Regardless of the ravages that chronic stress causes in our body, perceiving that we are not capable of dealing with the demands of the environment and that we are losing control makes us doubt our abilities and exhausts us physically and mentally, so it is understandable that we unconsciously interpret this state as a loss of abilities, something that we associate with aging.
The feeling of not being able to cope with everything, as before, makes us consider the possibility that we are getting older. And when we feel overwhelmed, that is enough to add years to our life.
The problem is that the amount of stress we are experiencing today far exceeds the levels of previous generations, so it is important to be aware of its impact. A previous study carried out with thousands of people at the universities of Montpellier and Florida found that as subjective age increases, so does the risk of hospitalisation.
As if that weren’t enough, feeling older has also been linked to a higher likelihood of suffering from depression, faster cognitive decline and even premature mortality. So it’s not something we should take lightly.
The antidote to feeling younger
Chronological age is the age marked by the calendar. Subjective age is the age you perceive.
The good news is that there is a kind of elixir of eternal youth – at least perceived – and we have it within our reach: physical activity.
Another study that followed more than 10,000 people over a period of 8 to 20 years found that those who did more physical activity felt 30 to 50% younger.
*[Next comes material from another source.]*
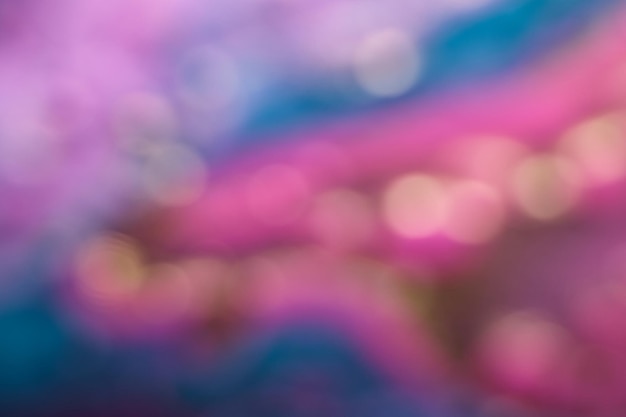 Glatter Hintergrund mit Farbverlauf mit rosa, türkisfarbenen und gelben Farben Verschwommene Abstraktion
There is no doubt that staying active and fit protects our health, as well as promoting emotional well-being and giving us an extra dose of energy, which will help us feel younger. In addition, physical exercise is also an excellent antidote to stress and, in fact, stimulates the body’s natural regeneration processes.
So now you know, if you’ve had a series of stressful days, instead of lying on the couch thinking about how you’re getting older, you’d better put on your trainers and go out and do some exercise. Your future “self” will thank you.
References:
Lee, S. E. & Neupert, S. D. (2024) The effect of control beliefs on the relationship between daily stressors and subjective age in younger adults. Mental Health Science; 2(2): e56.
Stephan, Y. et. Al (2020) Physical activity and subjective age across adulthood in four samples. Eur J Ageing; 17: 469–476.
Stephan, Y. et. Al. (2016) Feeling Older and Risk of Hospitalization: Evidence From Three Longitudinal Cohorts. Health Psychol; 35(6): 634-637.